Wolin słowiański czy wikiński? Odpowiedź jest zaskakująco prosta

Wolin słowiański czy wikiński? Odpowiedź jest zaskakująco prosta

Dodano: 
Skansen na wyspie Wolin
Skansen na wyspie Wolin Źródło:Wikimedia Commons / CC BY-SA 3.0 / Klugschnacker
Centrum Słowian nadbałtyckich, czy gród osiadłych na południe od Bałtyku Skandynawów? Czy te dwa żywioły dzieliły różnice kulturowe, czy może łączyła wspólnota interesów? Oto jak współcześnie archeologia wyjaśnia znaczenie osady i kwestię pochodzenia jej mieszkańców.

„Sowy nie są tym, czym się wydają” – taką wiadomość pokazał major Garland Briggs detektywowi Dale’owi Cooperowi w słynnej scenie kultowego amerykańskiego serialu Twin Peaks. To zdanie zaskakująco dobrze oddaje charakter powszechnej wiedzy o Wolinie.

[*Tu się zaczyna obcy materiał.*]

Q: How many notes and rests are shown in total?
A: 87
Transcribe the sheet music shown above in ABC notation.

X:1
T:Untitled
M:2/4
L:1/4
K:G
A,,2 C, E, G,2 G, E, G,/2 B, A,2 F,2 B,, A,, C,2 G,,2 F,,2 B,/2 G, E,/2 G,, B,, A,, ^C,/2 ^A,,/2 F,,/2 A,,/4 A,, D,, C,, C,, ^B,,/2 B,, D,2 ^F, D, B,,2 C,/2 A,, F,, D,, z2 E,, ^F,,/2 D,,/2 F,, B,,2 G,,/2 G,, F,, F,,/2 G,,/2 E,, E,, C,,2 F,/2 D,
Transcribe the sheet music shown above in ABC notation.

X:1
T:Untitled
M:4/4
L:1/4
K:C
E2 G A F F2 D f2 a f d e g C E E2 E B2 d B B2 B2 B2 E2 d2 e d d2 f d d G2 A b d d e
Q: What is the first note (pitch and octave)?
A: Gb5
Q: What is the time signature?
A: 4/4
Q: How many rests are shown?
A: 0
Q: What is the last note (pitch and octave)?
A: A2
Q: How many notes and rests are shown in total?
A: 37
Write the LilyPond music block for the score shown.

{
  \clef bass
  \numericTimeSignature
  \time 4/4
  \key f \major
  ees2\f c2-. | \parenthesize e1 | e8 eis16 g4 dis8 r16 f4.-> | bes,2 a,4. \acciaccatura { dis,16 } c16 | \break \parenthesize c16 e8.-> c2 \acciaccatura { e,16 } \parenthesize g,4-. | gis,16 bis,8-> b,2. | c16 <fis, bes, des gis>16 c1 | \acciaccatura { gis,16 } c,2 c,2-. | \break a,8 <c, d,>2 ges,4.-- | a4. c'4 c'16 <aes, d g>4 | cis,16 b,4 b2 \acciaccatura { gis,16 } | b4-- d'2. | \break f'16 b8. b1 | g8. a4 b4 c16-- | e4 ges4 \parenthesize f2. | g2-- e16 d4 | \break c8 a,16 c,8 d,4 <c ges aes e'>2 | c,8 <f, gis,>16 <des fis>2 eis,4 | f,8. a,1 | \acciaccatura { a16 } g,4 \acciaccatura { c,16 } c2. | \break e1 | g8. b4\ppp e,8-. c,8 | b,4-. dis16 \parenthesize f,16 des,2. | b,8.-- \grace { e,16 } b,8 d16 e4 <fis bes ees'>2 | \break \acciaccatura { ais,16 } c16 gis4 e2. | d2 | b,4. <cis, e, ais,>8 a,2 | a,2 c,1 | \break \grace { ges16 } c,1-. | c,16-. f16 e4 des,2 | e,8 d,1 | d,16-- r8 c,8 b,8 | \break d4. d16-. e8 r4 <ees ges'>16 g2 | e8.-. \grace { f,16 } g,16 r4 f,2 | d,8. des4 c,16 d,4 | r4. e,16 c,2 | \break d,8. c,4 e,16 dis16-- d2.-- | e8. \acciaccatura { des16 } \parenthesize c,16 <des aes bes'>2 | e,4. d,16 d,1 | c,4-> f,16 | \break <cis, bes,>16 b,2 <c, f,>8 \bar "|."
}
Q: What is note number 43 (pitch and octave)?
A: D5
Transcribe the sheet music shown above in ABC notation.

Strzępy informacji z setek publikacji naukowych, budują skrajnie różny obraz osady. Czytane przez nie-naukowców często są przeinaczane lub ograniczane do wybranego aspektu, który w nich poruszono.

Wolin – historia badań osady

W czasach PRL-u budowano obraz Wolina jako centralnego ośrodka Słowian, starano się go jakoś powiązać z Polską. Późniejsze badania, prowadzone na fali popularności epoki wikingów, uwypuklały obecność w nim Skandynawów. Taki przekaz był nośny medialnie i w powszechnym odbiorze odwrócił budowaną wcześniej narrację. Czy któryś z tych kierunków badawczych był niewłaściwy lub przekłamany? Niekoniecznie. Oba podejścia badały po prostu inne aspekty ówczesnej rzeczywistości, notując (zwłaszcza w czasach komunizmu) pewną tendencyjność.

Problem w tym, że do dziś nie ukazało się obszerne popularnonaukowe podsumowanie problematyki, a nienaukowa wiedza o Wolinie pełna jest uproszczeń. Dlatego też odpowiadając na pytanie, czym we wczesnym średniowieczu był Wolin, można powiedzieć, że zapewne nie tym, za co się go powszechnie bierze.